Chemins de fer quelle voie ont choisie nos voisins ?
Philippe Martinez, leader de la CGT, a annoncé, vendredi, une « manifestation nationale » des cheminots le 22 mars, pour défendre notamment leur « statut », remis en cause par le rapport Spinetta. À l’heure où s’annonce une grande réforme du rail en France, tour d’horizon sur la politique ferroviaire de nos voisins européens.
1. Privatisation au Royaume-Uni. Une vingtaine de sociétés privées exploitent les chemins de fer, privatisés depuis 1994 à l’initiative des conservateurs. La maintenance du réseau est gérée par Network Rail, société privée mais dont l’État est actionnaire. Selon une étude citée par le Financial Times fin janvier, les prix des billets ont bondi de 25 % (hors inflation) depuis 1995 et sont en moyenne 30 % supérieurs à ceux en France. Cette privatisation fait souvent figure de repoussoir à l’échelle européenne, et suscite de vives polémiques à chaque accident mortel, tel celui de Hatfield, près de Londres, en octobre 2000 (quatre morts). Côté infrastructures, le pays est très en retard sur les lignes à grande vitesse : il n’a pour l’instant que le tronçon emprunté par Eurostar entre Londres et le tunnel sous la Manche. 2. Concurrence en Italie. L’Italie a été le premier pays européen, et le seul à ce jour, à ouvrir le réseau ferroviaire à grande vitesse à la concurrence avec l’entrée de NTV-Italo en 2012. Cela a fait beaucoup baisser le prix des billets : de 40 % environ entre 2011 à 2017, selon Tra Consulting. La grande vitesse représente un quart du trafic ferroviaire en Italie. La compagnie nationale est Trenitalia, appartenant au groupe FS (Ferrovie dello Stato, société anonyme dont le capital est détenu en totalité par l’État). FS se porte bien : il a enregistré un bénéfice net record de 772 millions d’euros en 2016, en hausse de 66 %. Dans son nouveau plan stratégique, le groupe public prévoit 94 milliards d’investissement sur dix ans, dont 73 milliards sur les infrastructures. Il compte actuellement 71.581 employés. 3. Système « intégré » en Allemagne.

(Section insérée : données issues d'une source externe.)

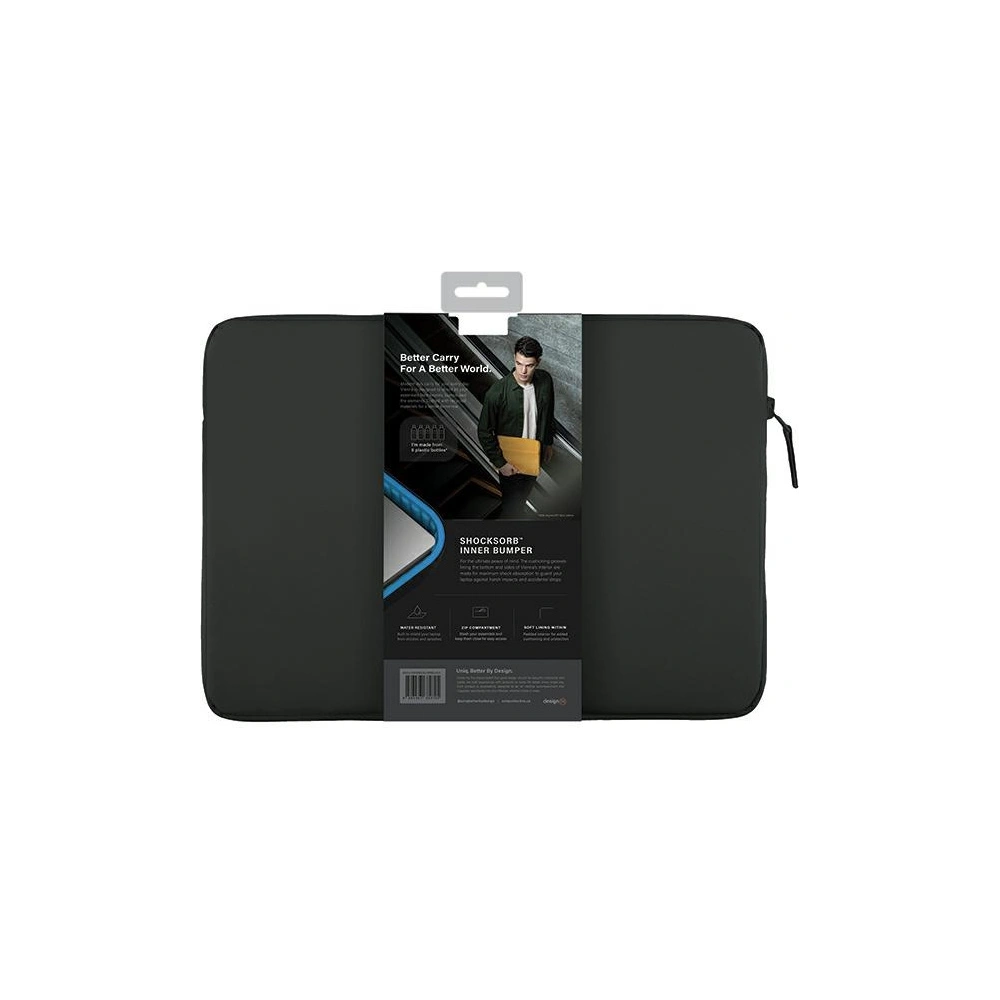 Hurtownia GSM - Etui UNIQ Vienna laptop Sleeve 16 cali Waterproof RPET czarny/midnight black - UNIQ930 - {ean13} - Hurt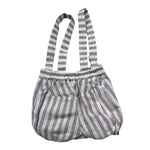 Manuel & Frank Salopette Bicolore con Fantasia A Righe per Neonato MF2409I BIANCO/BEIGE MANUEL & FRANK 
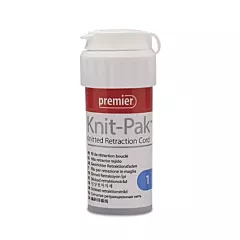 Premier Knit-Pak Retraction Cord Plain Size 1 Blue 100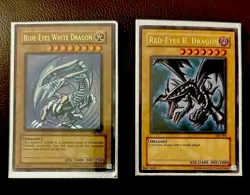 Vintage Yu-Gi-Oh Dragon Lot – Blue-Eyes White & Red-Eyes B. SDK-001 SDJ-001 - Image 3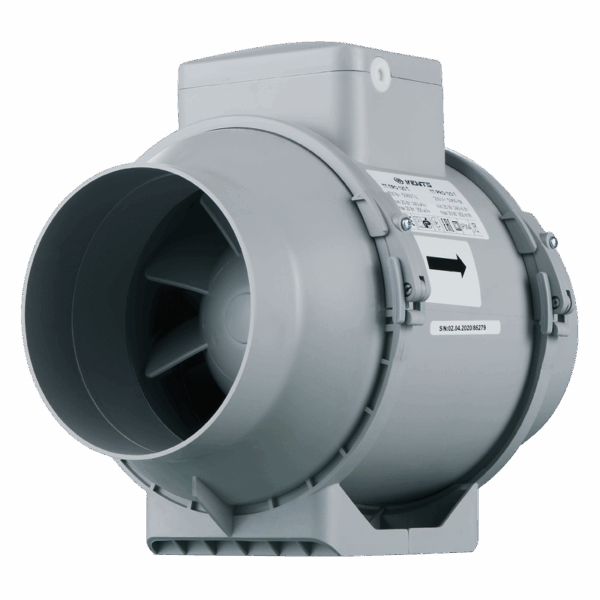 Axiálne odsávacie ventilátory VENTS TT 125PRO priemer napojenia 125mm-dvojrýchlostný výkon:240-350m3/h napätie 230V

L’opérateur historique est Deutsche Bahn, société anonyme de droit privé entièrement détenue par l’État fédéral. L’Allemagne a choisi une solution dite « intégrée » : Deutsche Bahn transporte des marchandises et des passagers, mais se charge aussi du réseau ferroviaire. Le marché du chemin de fer est ouvert à la concurrence privée et la loi a transféré aux États régionaux la compétence pour les transports régionaux et urbains. Deutsche Bahn est régulièrement critiqué pour les retards fréquents et la vétusté des infrastructures.La compagnie emploie près de 320.000 personnes dans le monde, dont 196.000 en Allemagne. 12 % sont des fonctionnaires payés sur le budget de l’État fédéral. La compagnie a annoncé, cette semaine, qu’elle investira en 2018 quelque 9,3 milliards d’euros dans ses infrastructures ferroviaires, un effort record qui sera en grande partie supporté par l’État. 4. Tout pour la grande vitesse en Espagne. L’opérateur principal est la compagnie publique Renfe, mais il existe des déclinaisons régionales en Catalogne, au Pays Basque et à Valence. La libéralisation, qui ne concerne jusqu’ici que le transport de marchandises, ne fonctionne pas sans accrocs. En mai 2017, Renfe a par exemple été sanctionnée avec le groupe Deutshe Bahn pour avoir entravé la concurrence. Les salariés des chemins de fer en Espagne sont des fonctionnaires, dont le régime social est, en certains points, assez similaire à celui des cheminots français. L’Espagne a fait le choix de la grande vitesse. Elle dispose aujourd’hui de 3.240 kilomètres de voies permettant de circuler à plus de 200 km/heure, contre 476 kilomètres en 1992, un développement qui a englouti 51,7 milliards d’euros. Cette politique fait l’objet de critiques récurrentes, en particulier sur le sort du réseau secondaire, notamment de la part des Catalans.